Q - À trois mois des élections européennes, les discussions sur la présence militaire en Ukraine et le débat annoncé à l'Assemblée nationale sur l'accord de sécurité bilatéral avec Kiev ont-ils des visées électoralistes ?

R - La question n'est pas électorale, elle est existentielle. L'Ukraine est au centre des débats électoraux parce qu'il y a de fait des différences de position sur le sujet. Je préférerais que cela ne soit pas le cas et qu'il y ait un large consensus au-delà des clivages partisans. Je le dis aux oppositions du bloc pro-ukrainien : évitons de nous diviser sur ce sujet. Nous n'avons rien à gagner à une polémique nationale sur l'aide à l'Ukraine et j'invite chacun à mesurer que ce qui se passe en Ukraine nous concerne tous.

Q - Est-ce une façon de mettre le Rassemblement national (RN) face à ses contradictions ?

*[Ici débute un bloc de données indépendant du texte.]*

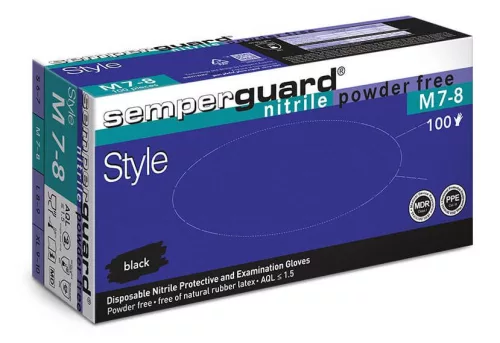 Semperguard Sapphire XP Black  M méret FEKETE púdermentes Nitril Kesztyű 100db/csomag (régi név:Semperguard Style)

R - On a tendance à oublier que la Russie a fait campagne contre nous en 2017, que Poutine lui-même a fait campagne pour Marine Le Pen, qu'il l'a reçue à Moscou. En 2022, elle proposait encore dans son programme une alliance militaire avec la Russie. Je me rappelle aussi des déclarations, avant l'invasion, de Jean-Luc Mélenchon, par antiaméricanisme, et de Le Pen, par pro-poutinisme. Il y a soit beaucoup de naïveté, soit de la complaisance. On peut avoir des divergences d'appréciation ou de calendrier, mais reprendre à son compte les contrevérités russes, cela n'est pas possible.